Wie man die gesetzliche Parteiöffentlichkeit umgeht …
… erklärt das Bundesgericht in einem neuen, zur Publikation in der Amtlichen Sammlung vorgesehenen Urteil (BGE 6B_280/2014 vom 01.09.2014). Die Parteiöffentlichkeit und damit die Teilnahmerechte der Parteien an Untersuchungshandlungen können nun umgangen werden, indem für alle Parteien – jedenfalls für alle beschuldigten Personen – je ein getrenntes Verfahren eröffnet wird, in dem die jeweils anderen dann keine Parteistellung mehr beanspruchen können. Dass dies dem Grundsatz der Verfahrenseinheit (Art. 29 StPO) widersprechen dürfte, erwähnt das Bundesgericht (zum Glück!) nicht. Unerwähnt bleibt auch die kantonale Rechtsprechung, die solche Taschenspielertricks der Strafverfolger nicht zuliess (RBOG 2013 Nr. 25).
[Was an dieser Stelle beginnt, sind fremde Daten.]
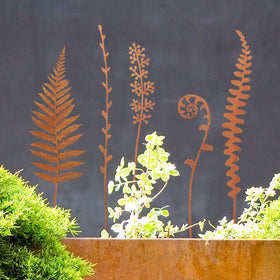 OUUJUOZ ornamental metal flower stakes enhance yard decor year-round.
Das Bundesgericht hat offenbar schon auch gesehen, dass sein Entscheid wohl nicht ganz sachgerecht ist. Anders kann ich mir jedenfalls nicht erklären, dass es wieder einmal auf den Gesetzgeber verweist, dessen Lösung “hinzunehmen” sei:
In getrennt geführten Verfahren kommt den Beschuldigten im jeweils andern Verfahren keine Parteistellung zu. Ein gesetzlicher Anspruch auf Teilnahme an den Beweiserhebungen im eigenständigen Untersuchungs- und Hauptverfahren der andern beschuldigten Person besteht folglich nicht (Art. 147 Abs. 1 StPO e contrario). Die Einschränkung der Teilnahmerechte von Beschuldigten in getrennten Verfahren im Vergleich zu Mitbeschuldigten im gleichen Verfahren ist vom Gesetzgeber implizit vorgesehen und hinzunehmen (E. 1.2.3).
Man hätte ja auch unter Hinweis auf Art. 29 StPO zum Schluss kommen können, dass der Gesetzgeber die Umgehung der Parteirechte implizit nicht vorgesehen hat. Den grandiosen Schlusspunkt setzt das Bundesgericht übrigens mit der Abweisung der unentgeltlichen Rechtspflege wegen offensichtlicher Aussichtslosigkeit der Beschwerde.
Für die Verteidigung hat das Urteil nur eine geringe Bedeutung. Man muss sich aber jedenfalls immer für die Vereinigung konnexer Verfahren bzw. gegen Verfahrensabtrennungen wehren. Nun hat man wenigstens gute Gründe für entsprechende Beschwerden.
Das Bundesgericht hat wohl Angst vor seinem eigenen Mut bekommen und damit seinen früheren Entscheiden (BGE 139 IV 25 E. 5.1-5.3; 1B_404/2012 E. 2.1) praktisch die Wirksamkeit entzogen.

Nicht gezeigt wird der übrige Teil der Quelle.